Using Machine Learning to Predict Surgical Site Infection After Lumbar Spine Surgery
Tianyou Chen1, Chong Liu1, Zide Zhang2
1Department of Spine and Osteopathy Ward, the First Affiliated Hospital of Guangxi Medical University, Nanning, People's Republic of China.
Infection and Drug Resistance
|August 15, 2023
Summary
Machine learning identified Modic changes, sebum thickness, hemoglobin, and glucose as key predictors for surgical site infection (SSI) after lumbar spine surgery. This dynamic model aids in monitoring and preventing SSI.
Area of Science:
- Neurosurgery
- Medical Informatics
- Machine Learning in Healthcare
Background:
- Surgical site infection (SSI) is a significant complication following posterior lumbar spinal surgery.

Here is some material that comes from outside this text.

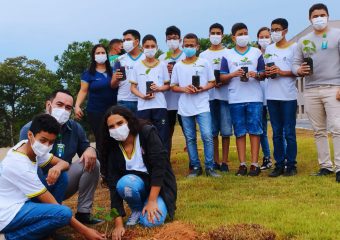 HCN participa do projeto SEDUC Cerrado para plantio de mudas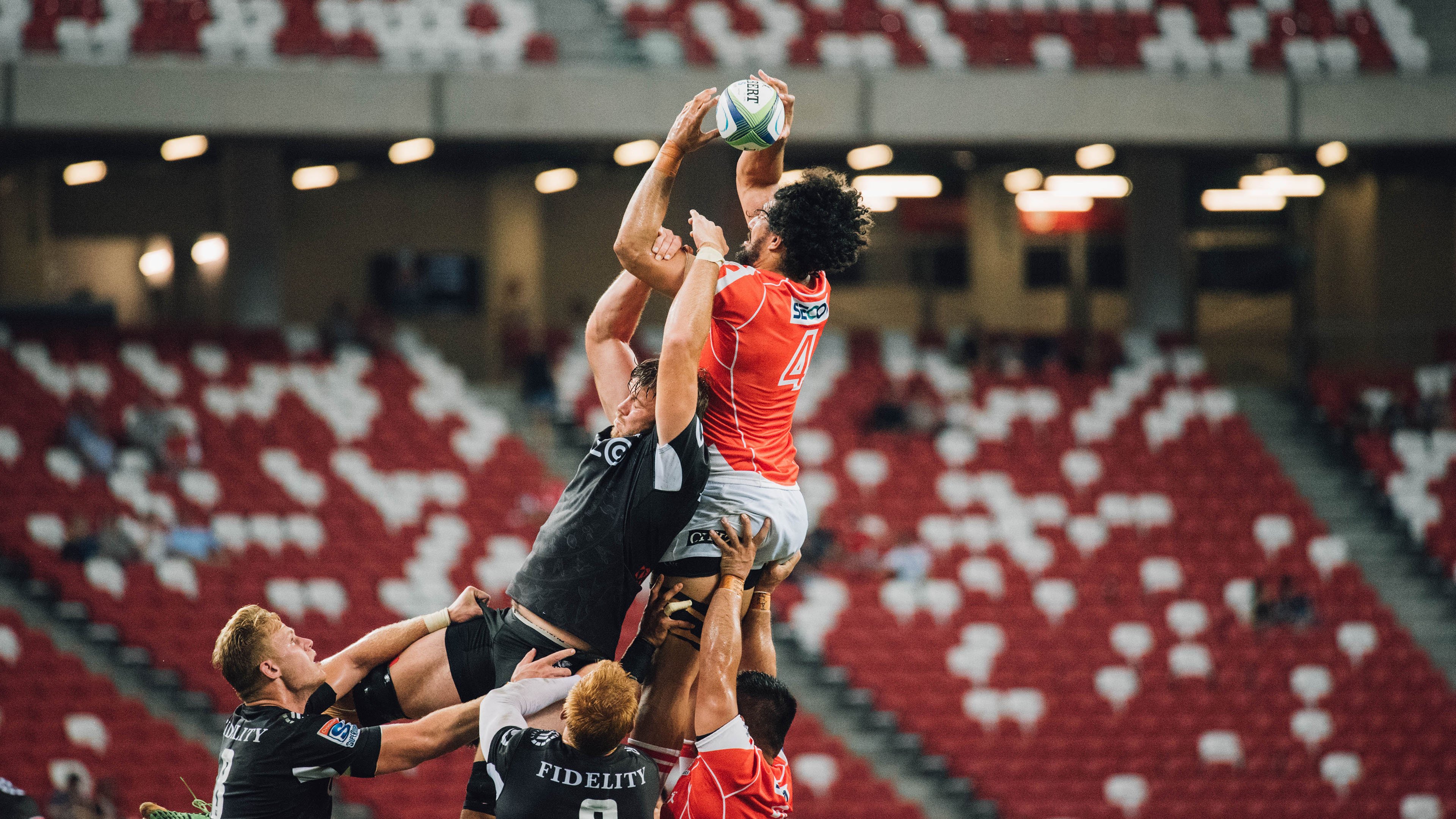 秘鲁铁壁下的破局者,当极致防守遇见空间阅读者穆勒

- Accurate prediction of SSI risk is crucial for effective patient management and prevention strategies.
Purpose of the Study:
- To employ machine learning techniques to analyze perioperative factors and identify blood glucose levels predictive of SSI.
- To develop a dynamic prediction model for SSI following posterior lumbar spinal surgery.
Main Methods:
- Utilized logistic regression, Lasso regression, support vector machine, and random forest to screen variables in a cohort of 4019 patients.
- Intersected variables identified by four methods to construct a dynamic prediction model.
- Assessed model performance using ROC and calibration curves, with internal validation.
Main Results:
- Identified four key predictors for SSI: Modic changes, sebum thickness, hemoglobin, and glucose.
- The prediction model demonstrated high accuracy with an Area Under the ROC Curve (AUC) of 0.988 in the test group and 0.987 in the validation group.
- The model showed favorable consistency between predicted and real measurements, with C-indices of 0.986 and 0.982 for the test and validation groups, respectively.
Conclusions:
- Logistic regression and machine learning successfully identified Modic changes, sebum thickness, hemoglobin, and glucose as significant risk factors for SSI.
- A dynamic prediction model was constructed to assist clinicians in simplifying SSI monitoring and prevention.